───── DATASET ENTRIES
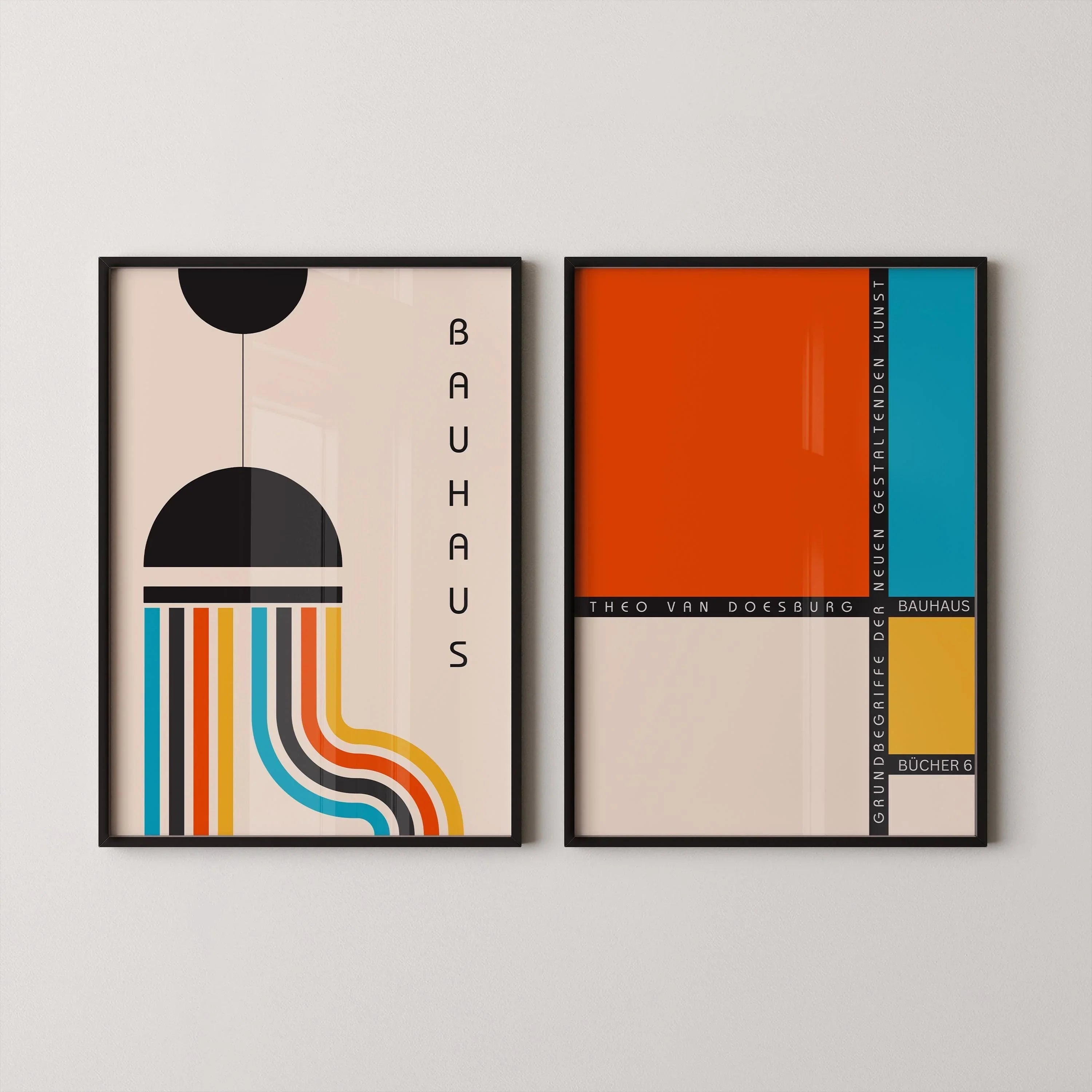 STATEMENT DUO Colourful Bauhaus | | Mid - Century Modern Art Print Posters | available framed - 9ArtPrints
──────────
───── DATASET ENTRIES
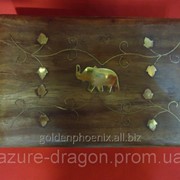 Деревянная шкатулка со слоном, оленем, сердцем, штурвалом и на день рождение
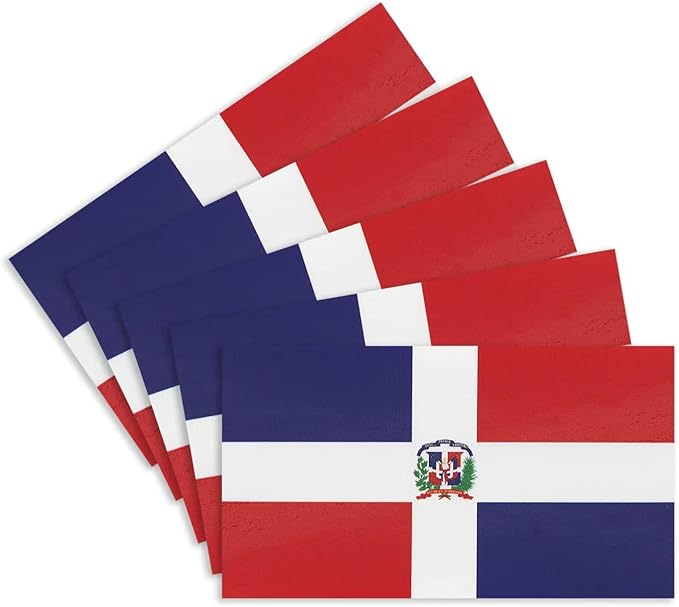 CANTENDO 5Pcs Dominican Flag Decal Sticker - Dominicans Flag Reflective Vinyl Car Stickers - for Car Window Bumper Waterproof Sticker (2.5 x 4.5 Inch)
──────────
• _TASK GOAL_: Quote the lines above exactly, starting with the one that has "Деревянная шкатулка со" and ending with the one that has "CANTENDO 5Pcs Dominican"; drop the pictures and include nothing else.

• _EXERCISE OUTPUT_:
 Деревянная шкатулка со слоном, оленем, сердцем, штурвалом и на день рождение
 CANTENDO 5Pcs Dominican Flag Decal Sticker - Dominicans Flag Reflective Vinyl Car Stickers - for Car Window Bumper Waterproof Sticker (2.5 x 4.5 Inch)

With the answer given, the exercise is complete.